The loss function contains generator’s loss and discriminator’s loss. The generator loss function has four terms: Lgang, Lconst,Ltid,Ltv. The equation is :
Lg = Lgang + αLConst + βLtid+ γLtv
- Lgang measure how well generator tricks discriminator
- Lconstant keeps f(G(s) and f(s) identical.
- Ltid wants G to remain the identity mapping when it takes in some t from the target domain.
- Ltv smooths the generated image by pixel
Feature Encoder Block
Internally block f is pretrained OpenFace(Torch implementation of face recognition) which outputs a 128d vector representation of the input image which is trained so that similar faces are together in the feature space.

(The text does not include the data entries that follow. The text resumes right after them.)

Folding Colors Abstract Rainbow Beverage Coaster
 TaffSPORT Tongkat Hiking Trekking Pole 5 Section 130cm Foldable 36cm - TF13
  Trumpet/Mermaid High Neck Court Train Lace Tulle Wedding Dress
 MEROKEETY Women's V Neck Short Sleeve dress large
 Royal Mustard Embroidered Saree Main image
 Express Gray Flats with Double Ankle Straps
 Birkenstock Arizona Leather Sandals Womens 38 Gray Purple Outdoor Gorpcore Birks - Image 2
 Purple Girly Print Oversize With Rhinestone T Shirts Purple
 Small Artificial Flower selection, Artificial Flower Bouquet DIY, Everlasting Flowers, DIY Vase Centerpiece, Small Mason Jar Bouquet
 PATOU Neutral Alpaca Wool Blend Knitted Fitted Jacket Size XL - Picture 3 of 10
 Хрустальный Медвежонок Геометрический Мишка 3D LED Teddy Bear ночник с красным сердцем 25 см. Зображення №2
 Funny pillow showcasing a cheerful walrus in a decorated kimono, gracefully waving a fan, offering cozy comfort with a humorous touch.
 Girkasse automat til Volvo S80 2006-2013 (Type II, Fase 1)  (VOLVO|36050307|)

- 5 blocks each consisting a stride 2 transposed convolution followed by batch normalization and a ReLu
- 1 x 1 convolution is added after each block to lower Lconst
- Final transposed convolution by a Tanh output layer is performed to ensure outputs between -1 and 1
- Filters in each block can be varied for experimental purpose
- Similar to Generator block , it has 5 blocks
- Each block contain stride 2 convolution, batch normalization and leaky ReLu non-linearity α = 0.2.
- The final output is convolution with three filter
GAN Training Strategies:
Some of the strategies which can be applied apart from the above section
Balance of discriminator and generator:
Balancing is key in traing a GAN . Generator is usually overpowered by discrimnator. Method for solving this include:
- Train generator more than discriminator
- Adjust Hyperparameters like adding higher weight for generator loss
- Add a lower bound on discriminator loss
- Change model architecture.
Instead of normalizing input image into standard normal, normalizing images between [−1, 1]. Use Tanh as the last layer of the generator
Avoid sparse gradients
Instead of downsampling by maxpooling, use strided convolution. Use LeakyReLU instead of ReLU in discriminator.
Change learning rate schedule. Use SGD for discriminator and Adam for generator. Change weight decay.
This article explains the problem of unsupervised domain transfer. It also explains the ability to use domain transfer in order to perform unsupervised domain adaptation.